Angus boards the wreck hoping to salvage some air scrubbers, murders Morn's father (who had survived Morn's attempted self-destruct) and kidnaps Morn. Seeking both control of her gap-sickness, and Morn herself, Angus places a zone implant - a remotely controlled electrode - onto her brain, which allows Angus to control Morn's every feeling and action. By giving Morn an unauthorized zone implant, Angus has committed a capital crime, and will be executed if he is caught.

On the way back to Com-Mine, Angus activates Morn's zone implant, allowing him to repeatedly rape and abuse her. Unwittingly, he also starts to form an emotional attachment to her.

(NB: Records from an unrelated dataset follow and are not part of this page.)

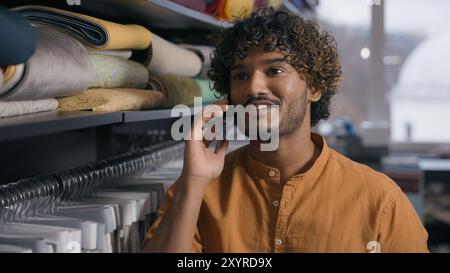 Arabian Indian man happy customer salesman fashion stylist talking mobile phone shopping in fabric store cheerful male look at fiber linen silk satin Stock Photo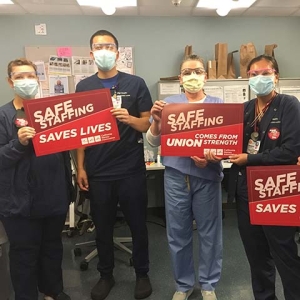 Nurse in hospital hold signs "Safe Staffing Saves Lives"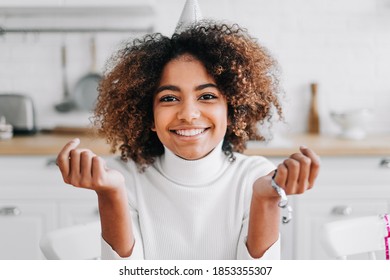 African-American model with trendy kinky hair and dark skin holds in hands decorative confetti smiling widely close view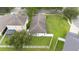 Aerial view of the property showcasing lush backyard, providing ample space for Gathering enjoyment at 18150 Leamington Ln, Land O Lakes, FL 34638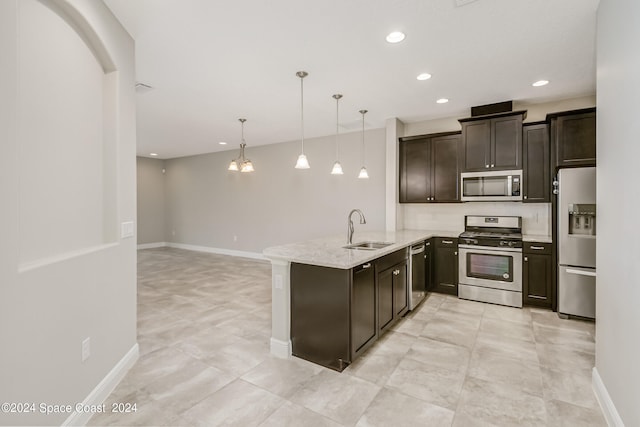 kitchen with decorative light fixtures, light stone counters, stainless steel appliances, sink, and kitchen peninsula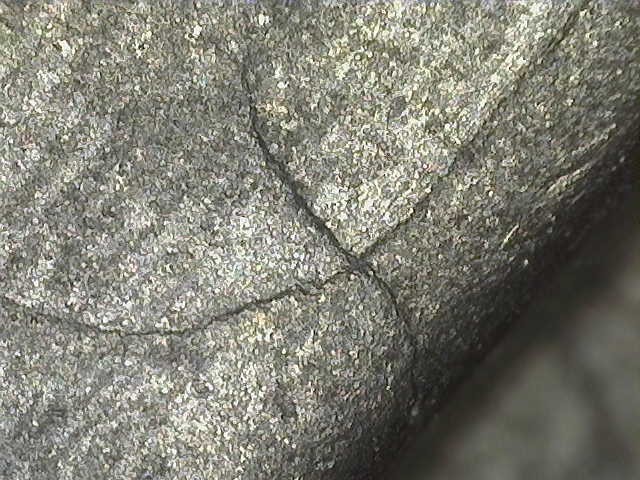 Microscopic crack in aircraft component after being cleaned out by wet blasting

Back at the station, Morn makes contact with another pirate - Nick Succorso, captain and owner of the ship Captain's Fancy, who she sees as a potential rescuer. She aids Nick in framing Angus for stealing station supplies, and Angus is arrested. Morn leaves the station aboard Succorso's ship, depriving the authorities of the evidence they would need to execute Angus. His life is therefore spared, Morn effectively becoming his rescuer.

==Background==
Donaldson explains one of the intents in writing this first book, which was originally to be only a stand-alone novella, was to present the three classic archetypes of victim, villain & hero and then have them exchange roles. Here, we start with Morn as the damsel, Angus as villain and Nick as the hero. Then as the story develops over the course of the series, Morn is elevated to hero, Nick becomes the villain and Angus becomes a victim of sorts.